A stretch of the entries below is to be set down exactly, running from the line with "CERSON - Jersey dress - rosso scuro4" through the line with "laurel wreath tattoo design idea", both included, and no other line.

[Opening Material provided section]

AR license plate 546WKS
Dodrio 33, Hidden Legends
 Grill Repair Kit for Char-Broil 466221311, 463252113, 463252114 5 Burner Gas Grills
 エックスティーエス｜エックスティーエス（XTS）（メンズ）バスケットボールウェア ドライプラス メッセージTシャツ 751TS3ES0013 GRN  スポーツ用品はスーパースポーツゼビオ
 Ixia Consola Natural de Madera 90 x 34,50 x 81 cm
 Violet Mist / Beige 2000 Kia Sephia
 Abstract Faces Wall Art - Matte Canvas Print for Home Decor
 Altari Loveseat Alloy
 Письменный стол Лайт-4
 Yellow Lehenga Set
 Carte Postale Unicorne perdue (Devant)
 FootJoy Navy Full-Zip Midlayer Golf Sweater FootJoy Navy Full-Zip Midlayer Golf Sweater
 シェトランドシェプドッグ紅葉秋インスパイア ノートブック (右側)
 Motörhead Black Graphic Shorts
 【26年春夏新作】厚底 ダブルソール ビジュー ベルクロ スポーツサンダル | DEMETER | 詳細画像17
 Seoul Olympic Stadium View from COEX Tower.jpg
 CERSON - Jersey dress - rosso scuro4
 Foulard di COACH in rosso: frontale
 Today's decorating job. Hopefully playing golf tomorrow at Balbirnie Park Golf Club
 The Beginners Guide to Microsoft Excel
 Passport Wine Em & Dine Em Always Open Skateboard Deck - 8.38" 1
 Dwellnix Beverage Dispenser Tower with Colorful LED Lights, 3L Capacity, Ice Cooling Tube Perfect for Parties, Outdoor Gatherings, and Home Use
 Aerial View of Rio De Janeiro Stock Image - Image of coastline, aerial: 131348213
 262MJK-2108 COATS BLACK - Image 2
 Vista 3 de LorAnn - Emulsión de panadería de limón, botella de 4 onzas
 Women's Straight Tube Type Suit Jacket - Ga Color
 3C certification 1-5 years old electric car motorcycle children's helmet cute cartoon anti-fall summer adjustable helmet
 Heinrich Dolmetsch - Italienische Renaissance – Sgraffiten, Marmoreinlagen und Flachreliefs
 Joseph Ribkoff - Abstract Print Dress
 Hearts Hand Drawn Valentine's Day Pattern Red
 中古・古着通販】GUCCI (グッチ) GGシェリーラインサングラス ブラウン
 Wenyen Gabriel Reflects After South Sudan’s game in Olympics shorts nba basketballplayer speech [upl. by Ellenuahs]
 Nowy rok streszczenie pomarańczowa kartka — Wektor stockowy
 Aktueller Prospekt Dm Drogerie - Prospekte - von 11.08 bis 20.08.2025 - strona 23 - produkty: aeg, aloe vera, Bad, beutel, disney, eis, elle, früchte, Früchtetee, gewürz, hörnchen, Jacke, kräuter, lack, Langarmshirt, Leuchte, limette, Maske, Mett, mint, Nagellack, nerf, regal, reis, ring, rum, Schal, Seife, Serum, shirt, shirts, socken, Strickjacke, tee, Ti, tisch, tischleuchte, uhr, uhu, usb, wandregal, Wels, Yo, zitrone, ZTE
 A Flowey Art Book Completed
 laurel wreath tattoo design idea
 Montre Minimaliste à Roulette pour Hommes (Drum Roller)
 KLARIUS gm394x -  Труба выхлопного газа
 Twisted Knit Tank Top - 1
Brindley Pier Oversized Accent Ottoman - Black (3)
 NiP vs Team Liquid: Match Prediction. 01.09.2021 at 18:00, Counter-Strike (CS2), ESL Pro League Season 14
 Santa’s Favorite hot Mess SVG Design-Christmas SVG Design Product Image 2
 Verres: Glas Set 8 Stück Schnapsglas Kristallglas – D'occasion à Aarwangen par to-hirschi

[Closing Material provided section]

* Solution *
 CERSON - Jersey dress - rosso scuro4
 Foulard di COACH in rosso: frontale
 Today's decorating job. Hopefully playing golf tomorrow at Balbirnie Park Golf Club
 The Beginners Guide to Microsoft Excel
 Passport Wine Em & Dine Em Always Open Skateboard Deck - 8.38" 1
 Dwellnix Beverage Dispenser Tower with Colorful LED Lights, 3L Capacity, Ice Cooling Tube Perfect for Parties, Outdoor Gatherings, and Home Use
 Aerial View of Rio De Janeiro Stock Image - Image of coastline, aerial: 131348213
 262MJK-2108 COATS BLACK - Image 2
 Vista 3 de LorAnn - Emulsión de panadería de limón, botella de 4 onzas
 Women's Straight Tube Type Suit Jacket - Ga Color
 3C certification 1-5 years old electric car motorcycle children's helmet cute cartoon anti-fall summer adjustable helmet
 Heinrich Dolmetsch - Italienische Renaissance – Sgraffiten, Marmoreinlagen und Flachreliefs
 Joseph Ribkoff - Abstract Print Dress
 Hearts Hand Drawn Valentine's Day Pattern Red
 中古・古着通販】GUCCI (グッチ) GGシェリーラインサングラス ブラウン
 Wenyen Gabriel Reflects After South Sudan’s game in Olympics shorts nba basketballplayer speech [upl. by Ellenuahs]
 Nowy rok streszczenie pomarańczowa kartka — Wektor stockowy
 Aktueller Prospekt Dm Drogerie - Prospekte - von 11.08 bis 20.08.2025 - strona 23 - produkty: aeg, aloe vera, Bad, beutel, disney, eis, elle, früchte, Früchtetee, gewürz, hörnchen, Jacke, kräuter, lack, Langarmshirt, Leuchte, limette, Maske, Mett, mint, Nagellack, nerf, regal, reis, ring, rum, Schal, Seife, Serum, shirt, shirts, socken, Strickjacke, tee, Ti, tisch, tischleuchte, uhr, uhu, usb, wandregal, Wels, Yo, zitrone, ZTE
 A Flowey Art Book Completed
 laurel wreath tattoo design idea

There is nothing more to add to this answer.